## TO DO
Exact reproduction of the data is required, with images excluded.

## INPUT DATA

————

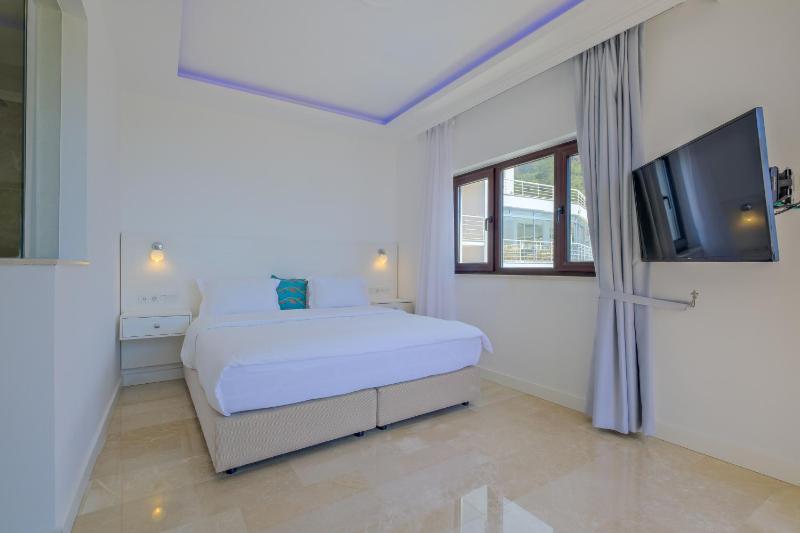 Family Room image 1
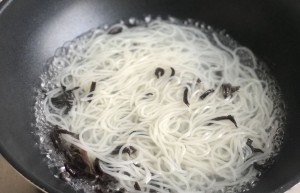 螺蛳粉怎么煮步骤-螺蛳粉做法简单吗？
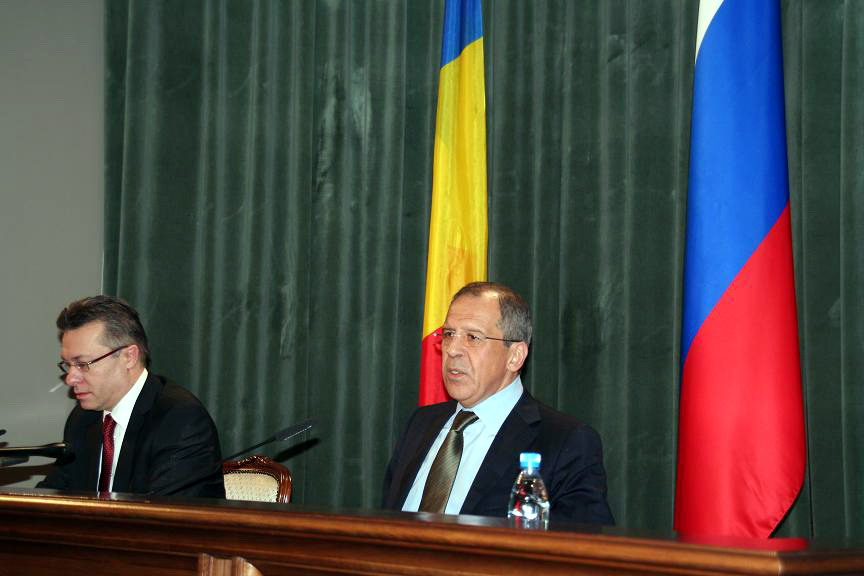 [Diaconescu+si+Lavrov+foto+Roncea.jpg]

————

## EXERCISE OUTPUT
 Family Room image 1
 螺蛳粉怎么煮步骤-螺蛳粉做法简单吗？
 [Diaconescu+si+Lavrov+foto+Roncea.jpg]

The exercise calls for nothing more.